TAR Inflate

Unstable API 0.10.0 @project-lakechain/tar-processor

The TAR inflate processor makes it possible to extract, on-the-fly, the content of TAR archives and map each file within them to other middlewares in a pipeline. This makes it possible for customers to process documents within TAR and TAR Gzipped archives in a Lakechain pipeline.

🗄️ Inflating Archives

To use this middleware, you import it in your CDK stack and connect it to a data source that provides TAR archives, such as the S3 Trigger if your TAR archives are stored in S3.

ℹ️ The below example shows how to create a pipeline that inflates TAR archives uploaded to an S3 bucket.
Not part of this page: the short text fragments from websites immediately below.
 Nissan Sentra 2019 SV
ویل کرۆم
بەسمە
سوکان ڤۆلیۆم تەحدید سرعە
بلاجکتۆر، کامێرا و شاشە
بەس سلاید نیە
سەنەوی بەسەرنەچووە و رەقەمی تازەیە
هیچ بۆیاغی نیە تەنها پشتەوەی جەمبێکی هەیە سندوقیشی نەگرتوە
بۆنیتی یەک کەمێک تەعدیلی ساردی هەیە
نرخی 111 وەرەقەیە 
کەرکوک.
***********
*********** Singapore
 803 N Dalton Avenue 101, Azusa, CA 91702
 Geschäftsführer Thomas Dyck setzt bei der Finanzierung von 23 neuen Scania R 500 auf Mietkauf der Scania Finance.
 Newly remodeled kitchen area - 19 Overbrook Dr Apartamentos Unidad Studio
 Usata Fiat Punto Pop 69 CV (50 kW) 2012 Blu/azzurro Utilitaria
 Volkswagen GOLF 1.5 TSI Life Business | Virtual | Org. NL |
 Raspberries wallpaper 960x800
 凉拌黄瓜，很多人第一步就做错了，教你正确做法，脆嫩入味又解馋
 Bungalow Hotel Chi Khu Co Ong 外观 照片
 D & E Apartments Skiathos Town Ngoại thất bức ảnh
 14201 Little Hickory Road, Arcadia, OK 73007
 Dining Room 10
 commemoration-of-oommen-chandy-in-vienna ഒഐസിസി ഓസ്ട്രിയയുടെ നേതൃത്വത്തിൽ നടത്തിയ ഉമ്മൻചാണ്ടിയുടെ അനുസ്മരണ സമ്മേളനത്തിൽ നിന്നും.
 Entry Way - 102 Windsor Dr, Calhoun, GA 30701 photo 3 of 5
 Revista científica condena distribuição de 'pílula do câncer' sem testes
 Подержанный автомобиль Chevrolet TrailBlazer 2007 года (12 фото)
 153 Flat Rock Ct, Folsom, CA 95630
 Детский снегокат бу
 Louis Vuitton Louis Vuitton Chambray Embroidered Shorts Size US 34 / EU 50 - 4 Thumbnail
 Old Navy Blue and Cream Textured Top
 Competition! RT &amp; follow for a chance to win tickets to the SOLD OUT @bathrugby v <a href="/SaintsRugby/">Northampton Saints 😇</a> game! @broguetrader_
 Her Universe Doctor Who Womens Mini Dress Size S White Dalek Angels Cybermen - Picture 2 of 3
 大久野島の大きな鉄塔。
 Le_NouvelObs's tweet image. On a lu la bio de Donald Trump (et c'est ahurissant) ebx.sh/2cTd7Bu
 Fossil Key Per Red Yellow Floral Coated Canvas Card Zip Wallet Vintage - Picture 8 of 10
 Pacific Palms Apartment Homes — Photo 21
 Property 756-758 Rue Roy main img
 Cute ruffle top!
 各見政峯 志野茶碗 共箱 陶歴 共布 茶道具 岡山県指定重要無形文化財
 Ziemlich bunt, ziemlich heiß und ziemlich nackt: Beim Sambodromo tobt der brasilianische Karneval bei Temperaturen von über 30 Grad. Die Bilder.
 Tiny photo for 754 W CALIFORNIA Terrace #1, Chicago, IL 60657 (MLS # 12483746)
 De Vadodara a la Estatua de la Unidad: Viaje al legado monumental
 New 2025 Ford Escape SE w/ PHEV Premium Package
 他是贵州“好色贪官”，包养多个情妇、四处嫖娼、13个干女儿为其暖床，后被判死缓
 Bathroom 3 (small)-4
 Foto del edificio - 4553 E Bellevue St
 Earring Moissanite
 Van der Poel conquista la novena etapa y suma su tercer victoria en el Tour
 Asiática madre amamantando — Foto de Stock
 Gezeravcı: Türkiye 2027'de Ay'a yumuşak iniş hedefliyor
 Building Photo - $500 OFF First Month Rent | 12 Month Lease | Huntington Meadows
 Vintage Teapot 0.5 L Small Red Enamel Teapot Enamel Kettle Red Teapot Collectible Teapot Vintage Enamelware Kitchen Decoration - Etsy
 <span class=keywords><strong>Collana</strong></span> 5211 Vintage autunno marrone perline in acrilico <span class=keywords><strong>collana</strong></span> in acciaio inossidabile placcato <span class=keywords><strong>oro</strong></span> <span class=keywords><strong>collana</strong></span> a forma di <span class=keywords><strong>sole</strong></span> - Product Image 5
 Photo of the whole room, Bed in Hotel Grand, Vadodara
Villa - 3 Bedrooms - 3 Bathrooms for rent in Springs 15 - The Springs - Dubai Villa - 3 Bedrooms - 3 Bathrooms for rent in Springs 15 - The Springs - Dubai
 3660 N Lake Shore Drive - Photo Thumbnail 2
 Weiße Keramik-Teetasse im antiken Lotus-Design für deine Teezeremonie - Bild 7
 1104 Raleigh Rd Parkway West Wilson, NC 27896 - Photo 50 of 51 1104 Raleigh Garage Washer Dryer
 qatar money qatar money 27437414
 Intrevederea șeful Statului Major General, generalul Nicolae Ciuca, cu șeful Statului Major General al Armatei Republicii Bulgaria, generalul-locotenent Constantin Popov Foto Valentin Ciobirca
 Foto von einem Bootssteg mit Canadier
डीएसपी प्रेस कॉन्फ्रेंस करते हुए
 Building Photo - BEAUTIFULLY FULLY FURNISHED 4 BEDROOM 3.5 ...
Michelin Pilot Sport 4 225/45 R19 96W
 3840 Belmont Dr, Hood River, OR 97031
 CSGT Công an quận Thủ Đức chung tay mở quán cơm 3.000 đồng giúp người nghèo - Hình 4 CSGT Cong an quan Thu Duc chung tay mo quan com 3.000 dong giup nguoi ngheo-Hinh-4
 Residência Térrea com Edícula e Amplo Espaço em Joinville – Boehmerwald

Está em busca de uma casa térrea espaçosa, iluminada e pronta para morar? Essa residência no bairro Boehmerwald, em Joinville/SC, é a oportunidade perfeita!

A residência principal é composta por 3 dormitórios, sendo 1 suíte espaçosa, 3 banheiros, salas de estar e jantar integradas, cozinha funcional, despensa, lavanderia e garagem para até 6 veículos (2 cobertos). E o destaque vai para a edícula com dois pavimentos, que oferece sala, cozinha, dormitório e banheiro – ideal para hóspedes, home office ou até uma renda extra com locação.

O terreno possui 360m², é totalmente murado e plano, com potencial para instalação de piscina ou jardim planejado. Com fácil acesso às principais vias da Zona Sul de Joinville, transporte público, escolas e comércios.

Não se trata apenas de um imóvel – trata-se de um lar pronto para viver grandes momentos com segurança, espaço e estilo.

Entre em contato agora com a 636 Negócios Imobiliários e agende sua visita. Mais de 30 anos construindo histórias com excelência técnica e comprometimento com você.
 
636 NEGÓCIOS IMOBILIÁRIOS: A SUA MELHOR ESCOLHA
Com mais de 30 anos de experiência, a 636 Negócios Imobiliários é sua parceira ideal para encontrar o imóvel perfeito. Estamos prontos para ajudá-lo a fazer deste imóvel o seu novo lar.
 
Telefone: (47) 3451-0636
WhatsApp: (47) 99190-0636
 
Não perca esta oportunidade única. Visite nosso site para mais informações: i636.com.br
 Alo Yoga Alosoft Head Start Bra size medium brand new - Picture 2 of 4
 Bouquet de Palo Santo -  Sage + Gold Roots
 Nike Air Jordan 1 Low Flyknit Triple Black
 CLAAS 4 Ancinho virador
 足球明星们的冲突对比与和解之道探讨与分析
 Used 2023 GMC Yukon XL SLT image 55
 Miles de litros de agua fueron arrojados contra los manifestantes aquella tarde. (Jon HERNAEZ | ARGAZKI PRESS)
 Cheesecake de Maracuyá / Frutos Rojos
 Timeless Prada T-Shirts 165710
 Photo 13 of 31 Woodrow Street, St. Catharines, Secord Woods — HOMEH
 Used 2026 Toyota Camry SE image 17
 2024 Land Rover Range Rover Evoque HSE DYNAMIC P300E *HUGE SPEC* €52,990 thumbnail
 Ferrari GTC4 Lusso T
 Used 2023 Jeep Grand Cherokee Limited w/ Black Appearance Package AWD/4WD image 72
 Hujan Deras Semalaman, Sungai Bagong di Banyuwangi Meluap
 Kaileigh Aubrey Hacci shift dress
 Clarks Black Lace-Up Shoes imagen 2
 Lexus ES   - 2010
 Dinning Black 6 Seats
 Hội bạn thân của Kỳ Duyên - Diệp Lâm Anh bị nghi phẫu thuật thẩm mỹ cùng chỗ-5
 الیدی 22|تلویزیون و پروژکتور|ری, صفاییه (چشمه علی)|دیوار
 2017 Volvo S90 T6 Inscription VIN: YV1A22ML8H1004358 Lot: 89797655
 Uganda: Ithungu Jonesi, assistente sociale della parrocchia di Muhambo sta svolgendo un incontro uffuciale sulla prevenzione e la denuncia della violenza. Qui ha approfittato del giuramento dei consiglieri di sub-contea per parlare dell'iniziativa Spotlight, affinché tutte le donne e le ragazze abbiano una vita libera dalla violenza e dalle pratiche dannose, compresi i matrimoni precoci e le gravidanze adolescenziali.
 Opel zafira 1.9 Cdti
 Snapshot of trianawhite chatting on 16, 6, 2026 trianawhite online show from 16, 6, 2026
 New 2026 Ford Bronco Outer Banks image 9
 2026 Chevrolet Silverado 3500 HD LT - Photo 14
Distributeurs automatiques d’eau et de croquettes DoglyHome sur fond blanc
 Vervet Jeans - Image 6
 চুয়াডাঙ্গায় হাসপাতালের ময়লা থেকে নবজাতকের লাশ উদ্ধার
import { S3EventTrigger } from '@project-lakechain/s3-event-trigger';
import { TarInflateProcessor } from '@project-lakechain/tar-inflate-processor';
import { CacheStorage } from '@project-lakechain/core';

class Stack extends cdk.Stack {
  constructor(scope: cdk.Construct, id: string) {
    // Sample bucket.
    const bucket = new s3.Bucket(this, 'Bucket', {});

    // The cache storage.
    const cache = new CacheStorage(this, 'Cache');

    // Create the S3 event trigger.
    const trigger = new S3EventTrigger.Builder()
      .withScope(this)
      .withIdentifier('Trigger')
      .withCacheStorage(cache)
      .withBucket(bucket)
      .build();

    // Create the TAR inflate processor.
    const tarProcessor = new TarInflateProcessor.Builder()
      .withScope(this)
      .withIdentifier('TarProcessor')
      .withCacheStorage(cache)
      .withSource(trigger)
      .build();
  }
}

Streaming Processing

💁 The TAR inflate processor processes TAR archives in streaming, meaning that the compute driving archive inflation do not need to hold the entire archive in memory. This makes it possible to process large archives without having to worry about memory constraints.

🏗️ Architecture

The TAR inflate processor uses AWS Lambda as a compute for inflating tarballs. The compute can run up to 15 minutes to extract the files part of a tarball, and provides the next middlewares in the pipeline with the extracted files.

TAR Inflate Architecture

🏷️ Properties

Supported Inputs

Mime Type	Description
`application/x-tar`	TAR archives
`application/x-gzip`	Gzipped TAR archives

Supported Outputs

Mime Type	Description
`/`	The TAR inflate processor will publish each file within the tarball to the next middlewares in the pipeline.

Supported Compute Types

Type	Description
`CPU`	This middleware only supports CPU compute.

📖 Examples

Inflate Pipeline - An example showcasing how to inflate archives.